VW Chief Legal Officer Manfred Döss was "very surprised by the verdict" in the "Neue Zürcher Zeitung" (NZZ) at the end of June. Regarding the procedure after the precise analysis, he said: "If it is likely that the customer will be awarded appropriate damages in the further proceedings, we will make a corresponding payment to the plaintiffs in advance, as in the past."

That seems off the table now. "Myright would first have to create a reliable factual basis for any economic agreements," says VW. "There is currently no such reliable basis." The factual presentation contained "countless gaps, contradictions and discrepancies". Therefore, the courts would "now have to deal with the individual claims".
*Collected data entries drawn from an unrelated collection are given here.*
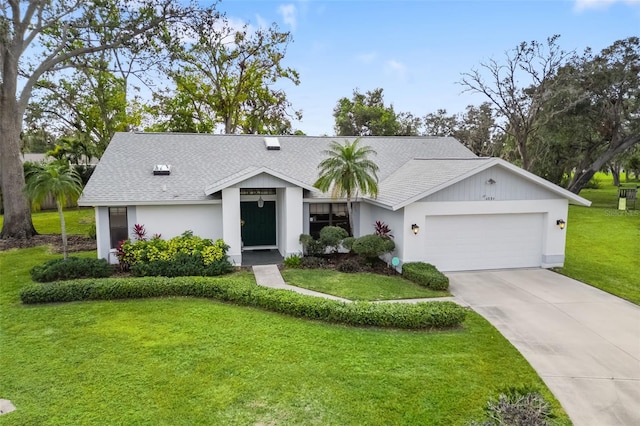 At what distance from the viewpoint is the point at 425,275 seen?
438 inches

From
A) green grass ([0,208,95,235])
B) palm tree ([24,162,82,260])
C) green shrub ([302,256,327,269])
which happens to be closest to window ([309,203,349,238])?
green shrub ([302,256,327,269])

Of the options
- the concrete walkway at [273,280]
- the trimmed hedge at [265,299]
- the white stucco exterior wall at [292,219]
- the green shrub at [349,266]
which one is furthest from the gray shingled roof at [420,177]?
the trimmed hedge at [265,299]

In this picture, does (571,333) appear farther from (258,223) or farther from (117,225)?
(117,225)

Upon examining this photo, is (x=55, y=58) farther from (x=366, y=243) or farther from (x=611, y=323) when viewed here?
(x=611, y=323)

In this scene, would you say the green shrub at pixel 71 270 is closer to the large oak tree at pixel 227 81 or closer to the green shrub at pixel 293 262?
the green shrub at pixel 293 262

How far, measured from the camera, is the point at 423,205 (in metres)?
12.3

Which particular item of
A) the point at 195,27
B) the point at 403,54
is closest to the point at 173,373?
the point at 403,54

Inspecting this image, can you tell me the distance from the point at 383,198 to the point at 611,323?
7135mm

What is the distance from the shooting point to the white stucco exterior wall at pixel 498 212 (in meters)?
12.3

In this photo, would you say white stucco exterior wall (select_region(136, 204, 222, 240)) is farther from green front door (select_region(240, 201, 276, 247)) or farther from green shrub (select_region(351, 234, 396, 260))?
green shrub (select_region(351, 234, 396, 260))

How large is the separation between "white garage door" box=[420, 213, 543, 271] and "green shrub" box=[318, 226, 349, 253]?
3097mm

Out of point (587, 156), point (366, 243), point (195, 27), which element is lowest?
point (366, 243)

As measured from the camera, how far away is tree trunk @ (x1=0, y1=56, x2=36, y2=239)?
17.5 metres

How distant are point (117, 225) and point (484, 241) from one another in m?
12.5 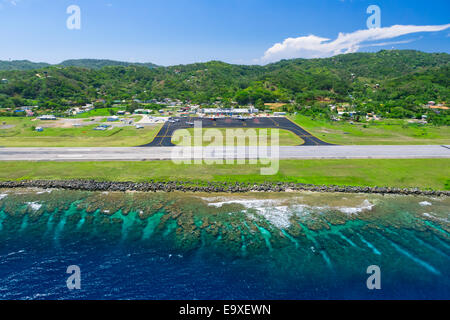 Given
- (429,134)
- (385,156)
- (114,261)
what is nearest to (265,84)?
(429,134)

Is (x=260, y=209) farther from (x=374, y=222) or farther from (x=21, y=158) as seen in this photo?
(x=21, y=158)

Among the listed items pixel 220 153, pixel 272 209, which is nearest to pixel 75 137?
pixel 220 153

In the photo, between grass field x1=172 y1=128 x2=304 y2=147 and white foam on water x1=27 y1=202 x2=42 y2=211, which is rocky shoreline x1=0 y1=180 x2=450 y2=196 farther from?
grass field x1=172 y1=128 x2=304 y2=147

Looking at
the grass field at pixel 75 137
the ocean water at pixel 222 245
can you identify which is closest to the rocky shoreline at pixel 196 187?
the ocean water at pixel 222 245

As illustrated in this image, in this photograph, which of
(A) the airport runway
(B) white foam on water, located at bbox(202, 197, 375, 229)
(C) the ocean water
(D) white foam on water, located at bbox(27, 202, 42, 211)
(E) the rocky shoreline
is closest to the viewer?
(C) the ocean water

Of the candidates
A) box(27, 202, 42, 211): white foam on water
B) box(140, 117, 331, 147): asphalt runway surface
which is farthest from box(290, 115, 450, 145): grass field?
box(27, 202, 42, 211): white foam on water

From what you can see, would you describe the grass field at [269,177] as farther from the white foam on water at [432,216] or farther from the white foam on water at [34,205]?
the white foam on water at [432,216] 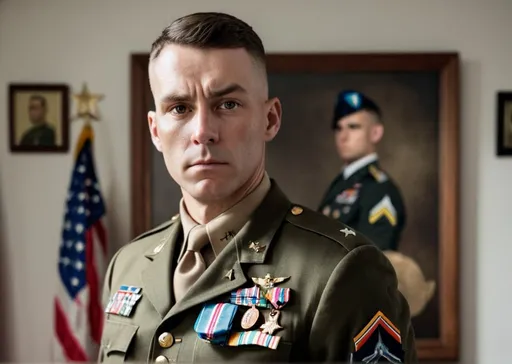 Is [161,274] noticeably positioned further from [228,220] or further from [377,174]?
[377,174]

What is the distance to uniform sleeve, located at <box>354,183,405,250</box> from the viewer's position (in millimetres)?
2191

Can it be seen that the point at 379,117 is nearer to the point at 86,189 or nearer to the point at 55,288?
the point at 86,189

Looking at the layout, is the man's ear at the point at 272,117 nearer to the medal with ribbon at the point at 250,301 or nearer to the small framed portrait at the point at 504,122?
the medal with ribbon at the point at 250,301

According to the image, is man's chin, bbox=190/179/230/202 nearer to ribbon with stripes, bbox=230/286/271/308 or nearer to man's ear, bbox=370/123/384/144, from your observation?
ribbon with stripes, bbox=230/286/271/308

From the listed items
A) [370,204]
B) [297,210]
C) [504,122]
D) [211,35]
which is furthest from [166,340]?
[504,122]

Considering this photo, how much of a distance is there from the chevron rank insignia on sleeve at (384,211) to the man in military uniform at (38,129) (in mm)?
1096

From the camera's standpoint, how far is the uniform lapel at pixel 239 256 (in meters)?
0.75

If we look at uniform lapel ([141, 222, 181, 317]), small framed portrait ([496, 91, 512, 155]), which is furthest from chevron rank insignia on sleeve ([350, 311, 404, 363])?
small framed portrait ([496, 91, 512, 155])

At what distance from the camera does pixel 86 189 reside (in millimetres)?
2094

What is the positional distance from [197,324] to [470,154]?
173 cm

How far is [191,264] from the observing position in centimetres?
80

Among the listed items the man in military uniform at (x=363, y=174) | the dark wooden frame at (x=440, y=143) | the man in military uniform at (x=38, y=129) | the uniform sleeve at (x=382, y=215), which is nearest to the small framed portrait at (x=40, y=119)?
the man in military uniform at (x=38, y=129)

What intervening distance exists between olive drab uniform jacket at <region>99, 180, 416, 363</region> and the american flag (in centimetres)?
128

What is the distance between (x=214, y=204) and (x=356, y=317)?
0.67ft
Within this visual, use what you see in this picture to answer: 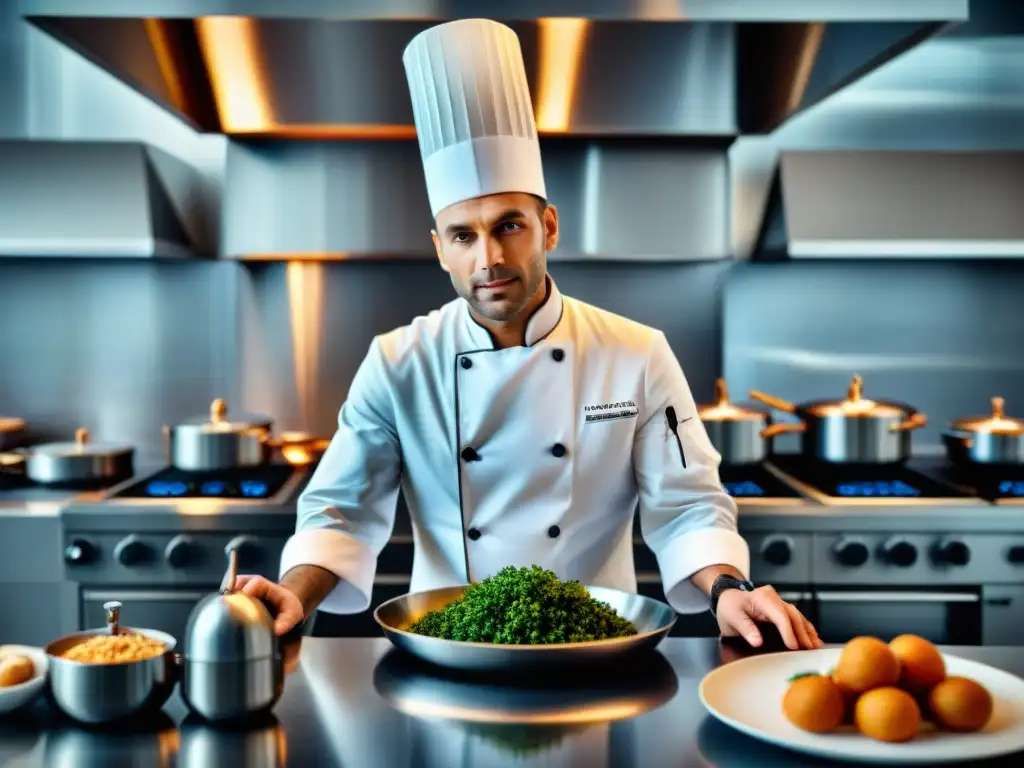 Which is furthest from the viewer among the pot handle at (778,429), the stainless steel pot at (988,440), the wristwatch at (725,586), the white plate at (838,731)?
the pot handle at (778,429)

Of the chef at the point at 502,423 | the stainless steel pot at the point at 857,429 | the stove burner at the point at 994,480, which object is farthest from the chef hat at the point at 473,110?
the stove burner at the point at 994,480

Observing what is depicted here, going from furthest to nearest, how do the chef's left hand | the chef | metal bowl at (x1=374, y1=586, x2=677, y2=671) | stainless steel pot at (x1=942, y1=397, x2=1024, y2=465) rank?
1. stainless steel pot at (x1=942, y1=397, x2=1024, y2=465)
2. the chef
3. the chef's left hand
4. metal bowl at (x1=374, y1=586, x2=677, y2=671)

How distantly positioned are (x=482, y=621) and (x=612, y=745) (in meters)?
0.27

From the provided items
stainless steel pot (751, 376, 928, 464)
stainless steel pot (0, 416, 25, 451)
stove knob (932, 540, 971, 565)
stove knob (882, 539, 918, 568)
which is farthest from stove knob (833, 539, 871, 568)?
stainless steel pot (0, 416, 25, 451)

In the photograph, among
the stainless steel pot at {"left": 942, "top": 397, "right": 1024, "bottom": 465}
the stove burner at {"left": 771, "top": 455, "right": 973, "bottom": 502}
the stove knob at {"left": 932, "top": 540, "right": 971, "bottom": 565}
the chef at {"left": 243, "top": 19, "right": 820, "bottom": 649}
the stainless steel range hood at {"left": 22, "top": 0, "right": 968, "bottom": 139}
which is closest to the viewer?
the chef at {"left": 243, "top": 19, "right": 820, "bottom": 649}

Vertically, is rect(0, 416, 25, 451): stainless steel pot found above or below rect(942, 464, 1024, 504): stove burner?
above

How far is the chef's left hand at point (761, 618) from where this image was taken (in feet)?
5.17

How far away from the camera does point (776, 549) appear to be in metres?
2.89

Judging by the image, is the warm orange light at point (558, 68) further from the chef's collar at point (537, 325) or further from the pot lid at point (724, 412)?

Myright boss: VW wants to play for time

For Myright boss Bode there is something else behind it. "VW is trying to play for time and drag out class action lawsuits." Because in itself it is about "classic" diesel cases in which customers have bought a car with the VW scandal engine EA189. This was indisputably manipulated in such a way that exhaust gas limits were only met in tests.

This is unfortunate for those affected. Because according to the case law of the BGH, the use of the car is to be deducted from the compensation - if you continue to drive it for years, you may get nothing.

Myright is now trying things differently: The company has begun to separate individual proceedings from the class action lawsuits and to make them pending in all possible district courts nationwide. According to Bode, 150 to 300 cases are added every week. This should ensure faster processing. However, there is not much left of the original idea of ​​class action lawsuits.